--- START ---

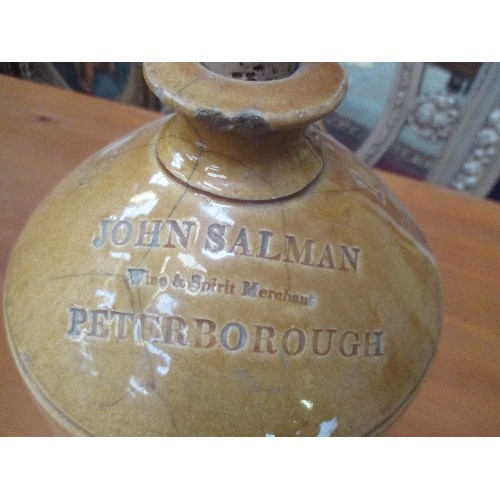 450 - LARGE VINTAGE STONEWARE SPIRIT FLAGON. JOHN SALMAN, PETERBOROUGH WINE & SPIRIT MERCHANT. SOME CRACKI... 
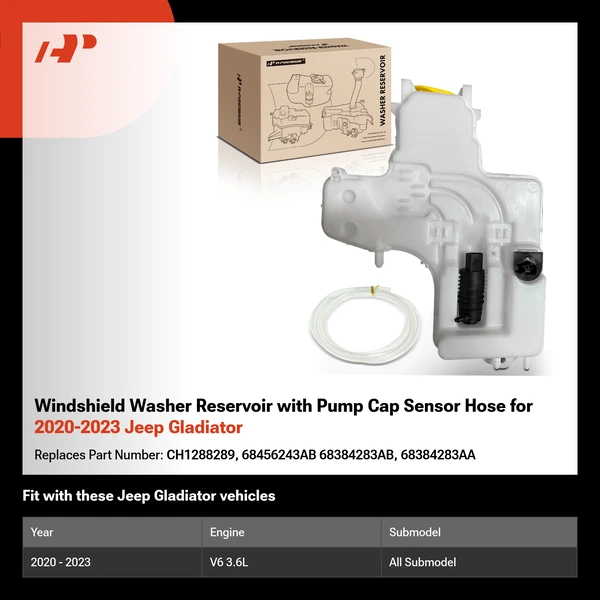 Windshield Washer Reservoir with Pump Cap Sensor Hose for 2020-2023 Jeep Gladiator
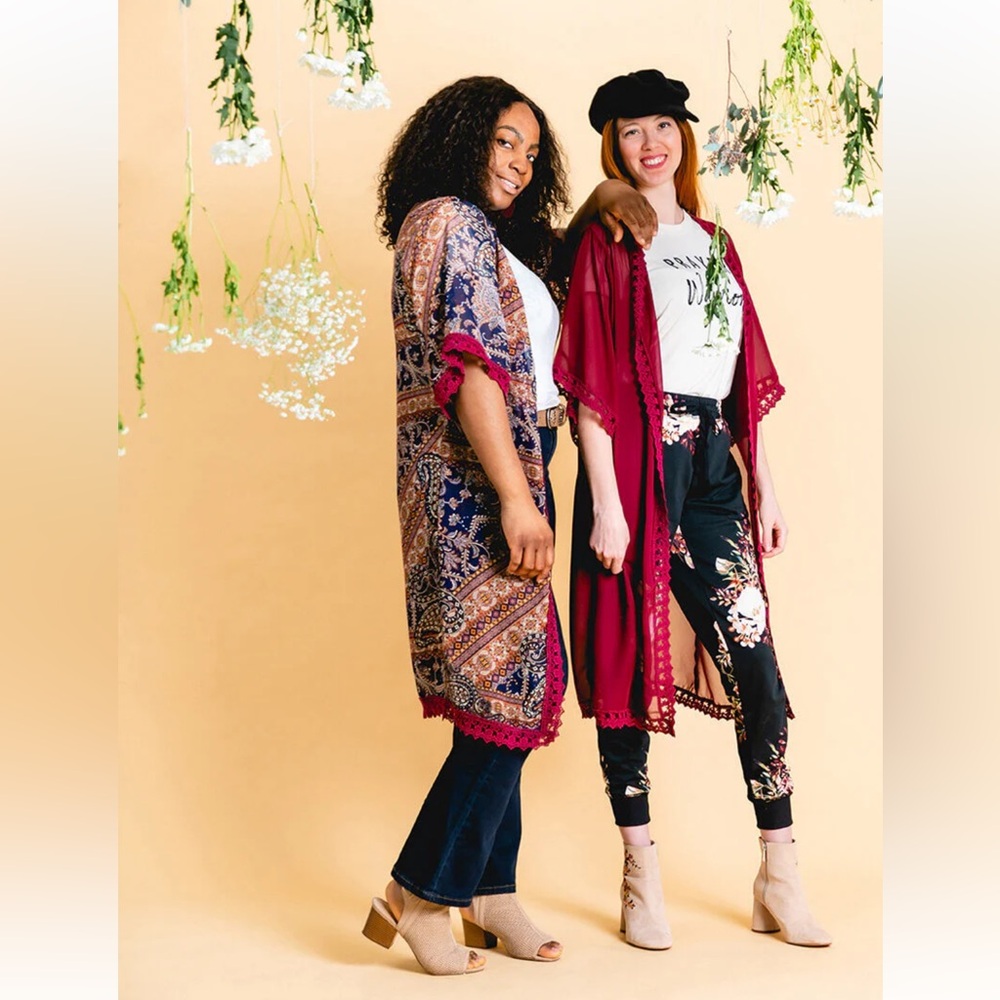 Chloe LuLa Roe Bohemian Kimono Cardigan with Lace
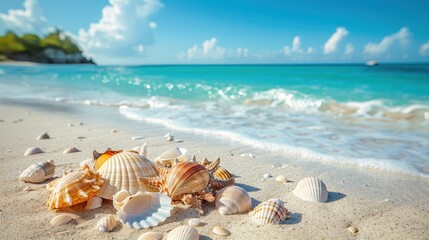Obraz premium Beautiful Tropical Beach with Turquoise Waters and Exquisite Seashells on the Sandy Shoreline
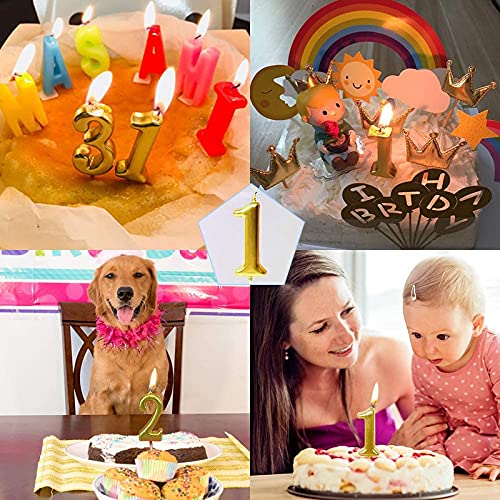 Golden Numerical No. 1 Birthday Candles - Image 2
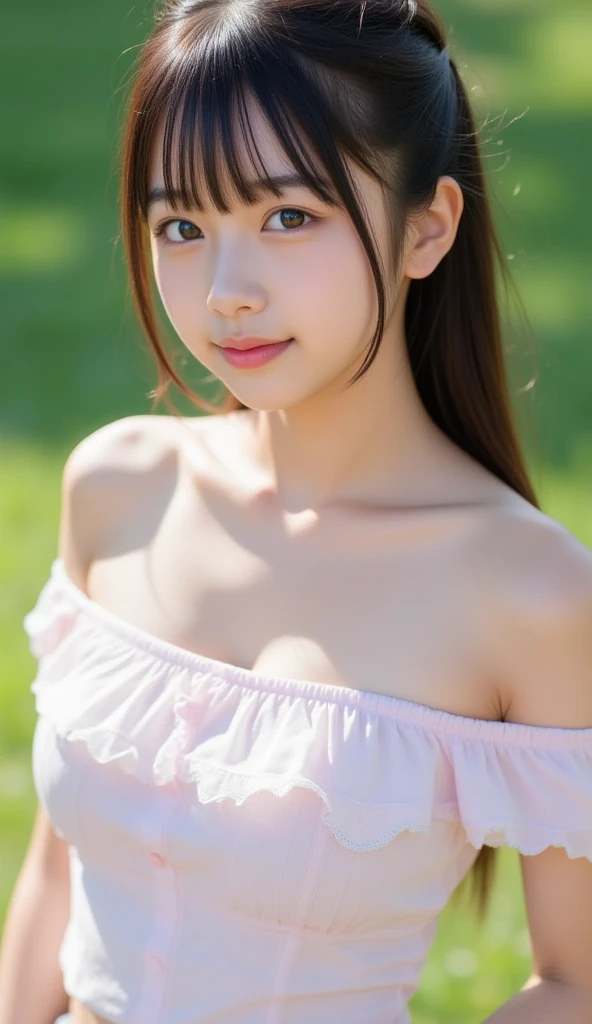 Very detailed CG Unity 8k 壁紙, Highest quality, Very detailed, masterpiece, Realistic, photo Realistic, Very detailedかわいい女の子、22 years old、(((スカートをLift it yourself)))、(Lift it yourself)、Lace panties、Small panties、????? Focus、Detailed ????? Pattern、blush, Release your lips, Looking at the audience、Half Body Shot、(On the lawn of the square)、Short Bob Cut、Too bright natural light、Shining Sun、Shot from a slightly low angle、Lips shining with lip gloss、Sparkling eyes、Cute Headbands、Cute Hairbands、((( Luxury ???? panties high resolution portrait, Drawing pants with extreme precision)))、((Showing off her pants in a unique pose)), ((Stand and spread your legs, raise your legs slightly)) Please open your mouth a little、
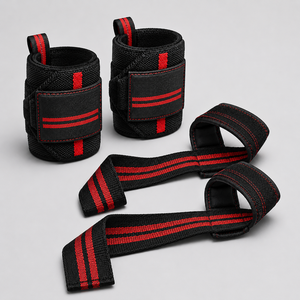 Adjustable Neoprene Wrist <b>Support</b> Straps Hook & Loop Closure Lightweight Non-Slip Weight Lifting Combo Set Black Red Stripe - Product Image 2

--- END ---

Copy out every line above without change, dropping the pictures.

 450 - LARGE VINTAGE STONEWARE SPIRIT FLAGON. JOHN SALMAN, PETERBOROUGH WINE & SPIRIT MERCHANT. SOME CRACKI... 
 Windshield Washer Reservoir with Pump Cap Sensor Hose for 2020-2023 Jeep Gladiator
 Chloe LuLa Roe Bohemian Kimono Cardigan with Lace
Obraz premium Beautiful Tropical Beach with Turquoise Waters and Exquisite Seashells on the Sandy Shoreline
 Golden Numerical No. 1 Birthday Candles - Image 2
 Very detailed CG Unity 8k 壁紙, Highest quality, Very detailed, masterpiece, Realistic, photo Realistic, Very detailedかわいい女の子、22 years old、(((スカートをLift it yourself)))、(Lift it yourself)、Lace panties、Small panties、????? Focus、Detailed ????? Pattern、blush, Release your lips, Looking at the audience、Half Body Shot、(On the lawn of the square)、Short Bob Cut、Too bright natural light、Shining Sun、Shot from a slightly low angle、Lips shining with lip gloss、Sparkling eyes、Cute Headbands、Cute Hairbands、((( Luxury ???? panties high resolution portrait, Drawing pants with extreme precision)))、((Showing off her pants in a unique pose)), ((Stand and spread your legs, raise your legs slightly)) Please open your mouth a little、
 Adjustable Neoprene Wrist <b>Support</b> Straps Hook & Loop Closure Lightweight Non-Slip Weight Lifting Combo Set Black Red Stripe - Product Image 2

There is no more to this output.